Finance Minister Nirmala Sitharaman tabled the revised Income Tax Bill 2025, in the Lok Sabha today (11 August). The Bill, which is being referred to as Income Tax Laws (Amendment) Bill, 2025 now will set the stage for a major tax overhaul of India’s decades old existing tax laws, the Income Tax Act of 1961.
The new Bill intends to replace the current laws by bringing in a shorter and simpler version of tax laws without overhauling any tax rates that the existing law stipulates.
In that respect, one of the biggest shifts is structural. The Bill aims to cut the law’s length almost in half, from 5.12 lakh words to 2.6 lakh, and trim sections from 819 to 536.
It also proposes merging the current concepts of “previous year” and “assessment year” into a single “tax year,” so income earning and tax filing happen in the same period.
The Bill also promises a better digital-first approach that would further paperless processes and streamline compliance for taxpayers of modern India.
To find and suggest revisions in the ITB 2025, the government had set up a Lok Sabha Parliamentary committee which gave some key recommendations, majority of which are being incorporated in the revised draft.
These include extended deductions for homeowners, exemptions for small taxpayers below the taxable limit, and clearer provisions for research-heavy and eco-friendly businesses.
The Bill also addresses one area that drew confusion in its earlier draft, the definition of “relative” for the purpose of tax-free gifts. The revised wording makes it clear: a relative includes any lineal ascendant or descendant, whether maternal or paternal. This is expected to end the ambiguity around gift taxation from family members.
Another earlier provision, which would have made it mandatory to file a return to claim a refund, even for those below the basic exemption limit but with TDS deducted, remains under discussion, with concerns flagged by experts about its impact on low-income taxpayers.

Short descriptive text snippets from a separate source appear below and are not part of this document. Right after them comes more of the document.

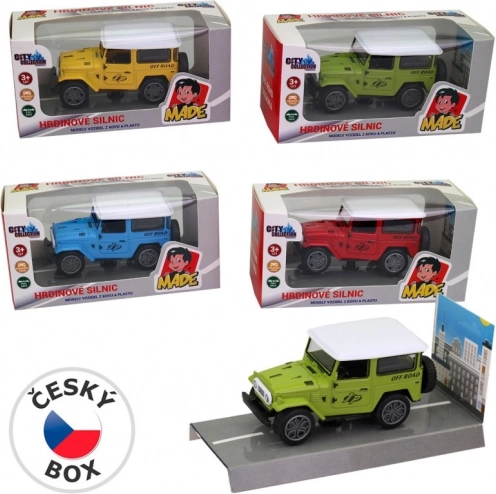 Jeep en métal à rétrofriction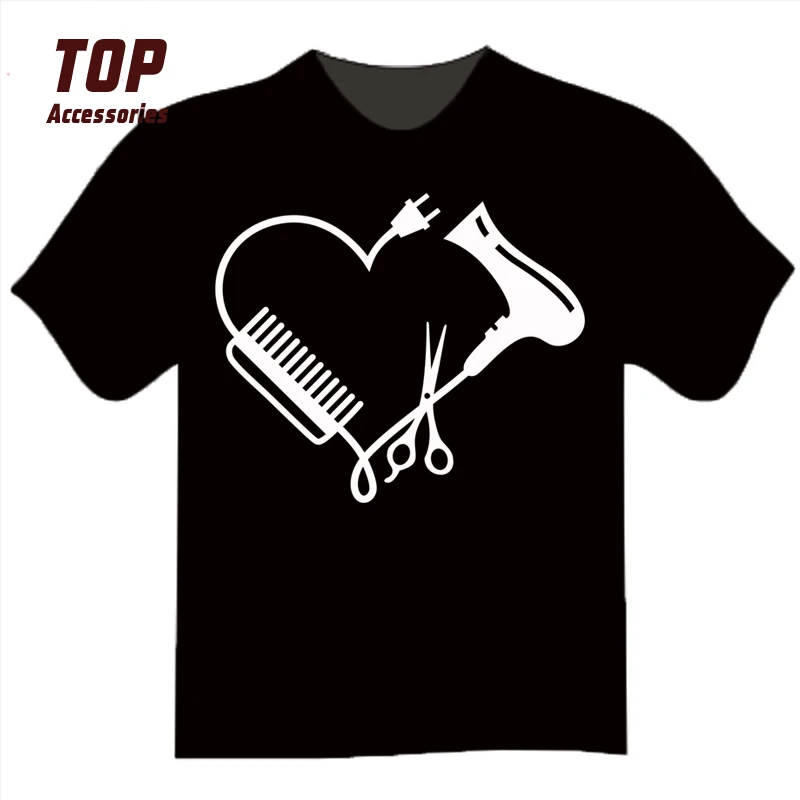 Haircut Style Comb Crystal Bling Motif Iron on Rhinestone Transfer Sheet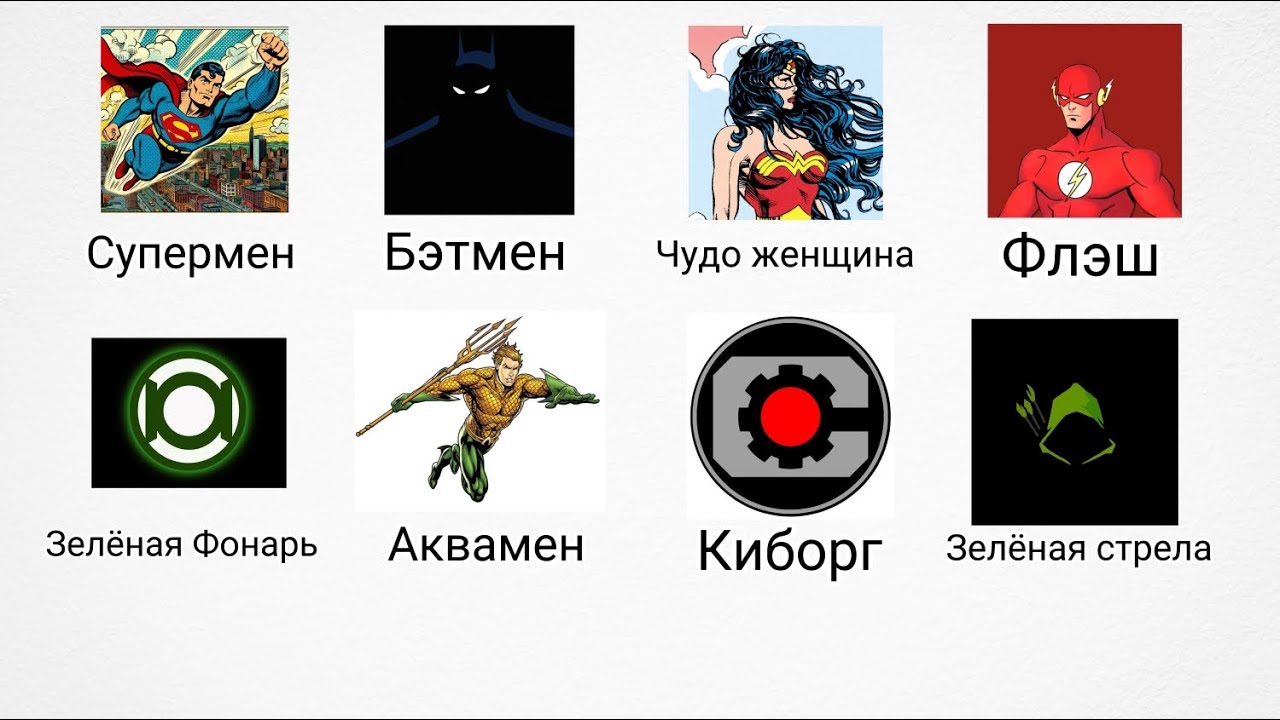 Все 8 членов Лиги Справедливости: кто реально сильнее?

It is important for taxpayers to know that tax rates and slabs remain untouched for now. Earlier, the income tax department had clarified that this Income Tax Bill is only expected to only simplify compliance and make tax litigation anti-tax-avoidance for the citizens.
The Bill will now go through a parliamentary debate before it can be passed. The government intends to roll out the new laws by April 2026, i.e., the next ‘tax year’.